This is the mail archive of the
mailing list for the Cygwin project.
RE: Regression for OCaml introduced by rebase 4.4.4
- From: David Allsopp <David dot Allsopp at cl dot cam dot ac dot uk>
- To: "cygwin at cygwin dot com" <cygwin at cygwin dot com>
- Date: Fri, 9 Feb 2018 11:29:05 +0000
- Subject: RE: Regression for OCaml introduced by rebase 4.4.4
- Authentication-results: sourceware.org; auth=none
- References: <firstname.lastname@example.org> <20180208151549.GA32555@calimero.vinschen.de>
Corinna Vinschen wrote:
> On Feb 8 11:47, David Allsopp wrote:
> > TL;DR flexlink-compiled DLLs (i.e. ocaml libraries) are broken by the
> > 0x200000000 base address requirement added in rebase 4.4.4. Possible
> > fixes for this at the bottom.
> > [...]
> > $ ocaml
> > OCaml version 4.04.2
> > # #load "unix.cma";;
> > Cannot load required shared library dllunix.
> > Reason: /usr/lib/ocaml/stublibs/dllunix.so: flexdll error: cannot
> > relocate RELOC_REL32, target is too far: 0xfffffffc013d8b5f
> > This is a known problem and fundamental limitation of flexdll (there
> > is no
> > RELOC_REL64 in COFF).
> Apart from that, not only Cygwin DLLs but also the Windows system DLLs
> are all loaded and relocated to the area beyond 0x1:80000000, so
> relocation beyond the 32 bit address space is no generic problem in
> Windows. Why isn't that possible in FlexDLL? I don't understand this.

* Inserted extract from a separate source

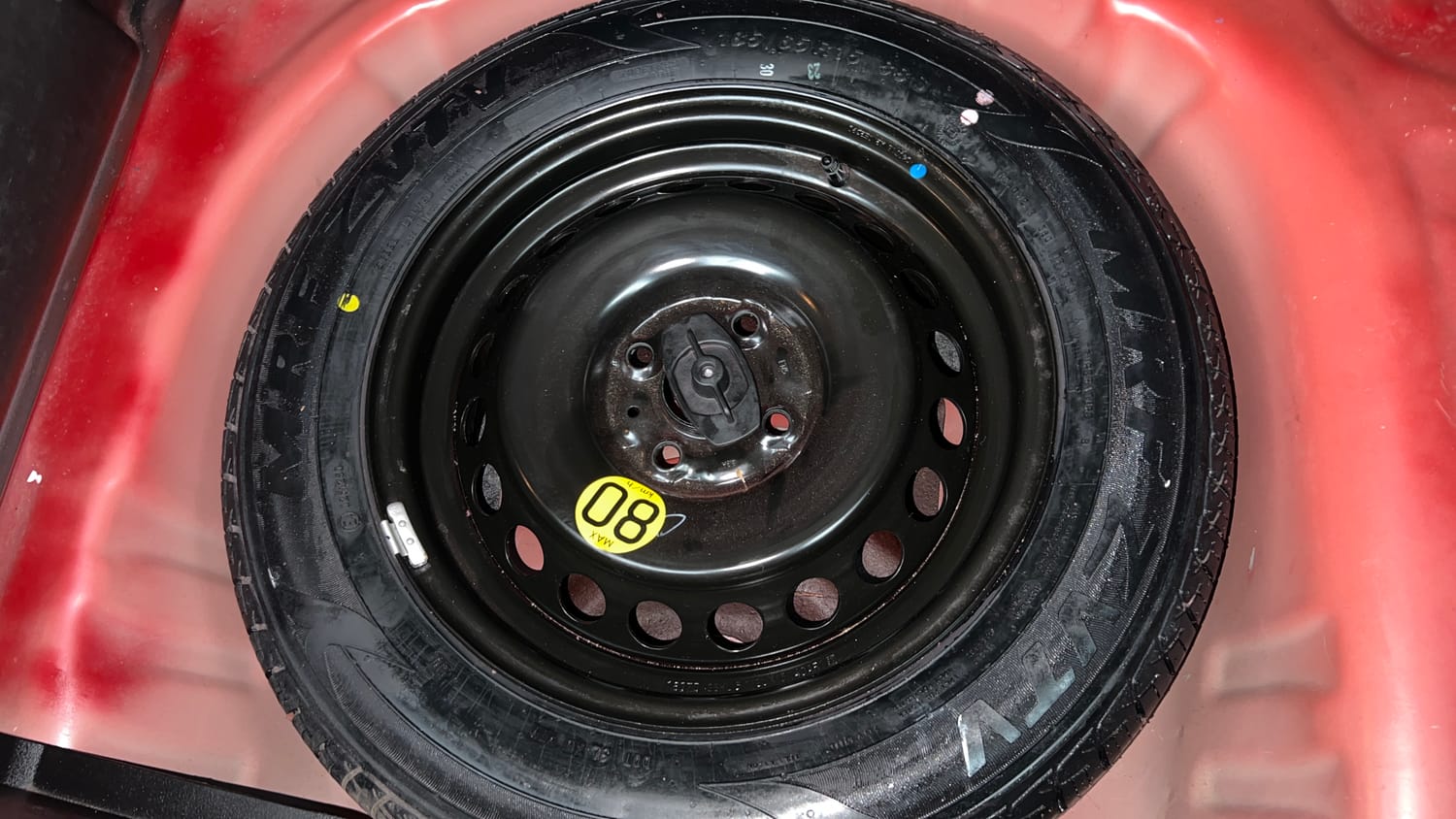 Used 2018 Maruti Suzuki Baleno Alpha 1.2 Petrol Manual tyres SPARE TYRE VIEW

> To me this looks like a bug in FlexDLL, not a requirement to let certain
> DLLs slip through the cracks.
There's a more full explanation of what and why for flexdll here: https://github.com/alainfrisch/flexdll/blob/master/README.md. I believe it's not unrelated to some of the black magic going on in Cygwin's autoload.cc, but without (at least at the moment), quite as much self-modifying code.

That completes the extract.